** What needs to be done **
Among the entries below, one stretch runs from the line that contains "VERI Nitric Oxide" through the line that contains "VERENVUOTOMUUTOSTEN ILMAANTUVUUS LIUOTUSHOIDOSSA". Repeat that stretch exactly, ends included, and only that.
__________
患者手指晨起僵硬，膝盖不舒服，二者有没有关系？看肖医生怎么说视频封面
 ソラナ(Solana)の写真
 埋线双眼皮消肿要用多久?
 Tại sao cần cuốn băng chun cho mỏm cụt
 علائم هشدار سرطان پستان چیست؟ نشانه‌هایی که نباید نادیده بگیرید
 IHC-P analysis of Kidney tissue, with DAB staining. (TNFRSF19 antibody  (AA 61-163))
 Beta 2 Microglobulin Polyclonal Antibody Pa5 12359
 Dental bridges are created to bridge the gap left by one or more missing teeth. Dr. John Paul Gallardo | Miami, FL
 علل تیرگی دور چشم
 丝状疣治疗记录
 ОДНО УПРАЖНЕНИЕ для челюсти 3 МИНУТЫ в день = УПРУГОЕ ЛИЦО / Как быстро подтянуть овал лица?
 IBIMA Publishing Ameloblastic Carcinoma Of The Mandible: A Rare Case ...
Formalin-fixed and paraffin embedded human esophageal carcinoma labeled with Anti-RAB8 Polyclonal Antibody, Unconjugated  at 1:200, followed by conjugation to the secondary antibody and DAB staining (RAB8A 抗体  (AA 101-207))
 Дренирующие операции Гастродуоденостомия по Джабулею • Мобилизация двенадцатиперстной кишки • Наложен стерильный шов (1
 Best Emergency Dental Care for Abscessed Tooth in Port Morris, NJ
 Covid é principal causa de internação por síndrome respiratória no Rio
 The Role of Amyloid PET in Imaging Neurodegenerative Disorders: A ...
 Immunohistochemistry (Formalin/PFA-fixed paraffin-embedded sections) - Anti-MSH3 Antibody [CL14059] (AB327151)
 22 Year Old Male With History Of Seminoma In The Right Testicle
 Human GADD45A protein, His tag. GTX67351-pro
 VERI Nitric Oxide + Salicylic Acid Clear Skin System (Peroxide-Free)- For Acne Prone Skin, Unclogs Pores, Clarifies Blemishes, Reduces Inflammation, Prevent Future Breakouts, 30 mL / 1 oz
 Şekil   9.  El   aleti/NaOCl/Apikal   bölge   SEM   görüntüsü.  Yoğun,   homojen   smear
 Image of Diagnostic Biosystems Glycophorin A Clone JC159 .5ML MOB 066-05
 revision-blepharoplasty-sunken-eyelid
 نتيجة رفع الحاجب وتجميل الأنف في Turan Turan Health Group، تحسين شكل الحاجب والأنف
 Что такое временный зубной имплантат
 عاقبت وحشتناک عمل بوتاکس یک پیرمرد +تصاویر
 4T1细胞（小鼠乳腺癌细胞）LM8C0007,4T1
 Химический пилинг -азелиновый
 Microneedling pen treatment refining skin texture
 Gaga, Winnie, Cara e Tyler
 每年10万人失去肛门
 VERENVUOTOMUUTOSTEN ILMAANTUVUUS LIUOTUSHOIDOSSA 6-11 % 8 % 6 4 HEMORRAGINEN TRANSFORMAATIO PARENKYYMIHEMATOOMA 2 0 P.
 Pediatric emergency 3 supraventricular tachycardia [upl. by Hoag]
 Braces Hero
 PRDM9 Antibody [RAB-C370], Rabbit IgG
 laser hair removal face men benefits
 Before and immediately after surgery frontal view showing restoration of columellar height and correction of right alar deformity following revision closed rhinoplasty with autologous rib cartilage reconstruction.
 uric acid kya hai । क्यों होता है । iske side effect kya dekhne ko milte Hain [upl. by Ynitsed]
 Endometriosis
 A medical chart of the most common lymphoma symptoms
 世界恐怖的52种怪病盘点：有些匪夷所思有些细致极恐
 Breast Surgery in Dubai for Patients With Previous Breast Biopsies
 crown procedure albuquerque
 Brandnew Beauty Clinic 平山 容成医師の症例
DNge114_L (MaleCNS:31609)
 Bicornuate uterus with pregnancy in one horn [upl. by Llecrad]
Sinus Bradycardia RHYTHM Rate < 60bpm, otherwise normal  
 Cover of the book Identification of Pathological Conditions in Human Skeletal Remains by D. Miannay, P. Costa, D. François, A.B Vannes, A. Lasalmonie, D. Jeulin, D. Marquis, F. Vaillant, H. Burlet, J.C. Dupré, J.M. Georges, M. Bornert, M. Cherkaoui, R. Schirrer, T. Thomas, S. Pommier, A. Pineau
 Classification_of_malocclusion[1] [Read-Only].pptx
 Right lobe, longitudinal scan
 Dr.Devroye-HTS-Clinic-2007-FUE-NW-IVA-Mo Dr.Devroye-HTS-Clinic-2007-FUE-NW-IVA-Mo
__________
** Your response **
 VERI Nitric Oxide + Salicylic Acid Clear Skin System (Peroxide-Free)- For Acne Prone Skin, Unclogs Pores, Clarifies Blemishes, Reduces Inflammation, Prevent Future Breakouts, 30 mL / 1 oz
 Şekil   9.  El   aleti/NaOCl/Apikal   bölge   SEM   görüntüsü.  Yoğun,   homojen   smear
 Image of Diagnostic Biosystems Glycophorin A Clone JC159 .5ML MOB 066-05
 revision-blepharoplasty-sunken-eyelid
 نتيجة رفع الحاجب وتجميل الأنف في Turan Turan Health Group، تحسين شكل الحاجب والأنف
 Что такое временный зубной имплантат
 عاقبت وحشتناک عمل بوتاکس یک پیرمرد +تصاویر
 4T1细胞（小鼠乳腺癌细胞）LM8C0007,4T1
 Химический пилинг -азелиновый
 Microneedling pen treatment refining skin texture
 Gaga, Winnie, Cara e Tyler
 每年10万人失去肛门
 VERENVUOTOMUUTOSTEN ILMAANTUVUUS LIUOTUSHOIDOSSA 6-11 % 8 % 6 4 HEMORRAGINEN TRANSFORMAATIO PARENKYYMIHEMATOOMA 2 0 P.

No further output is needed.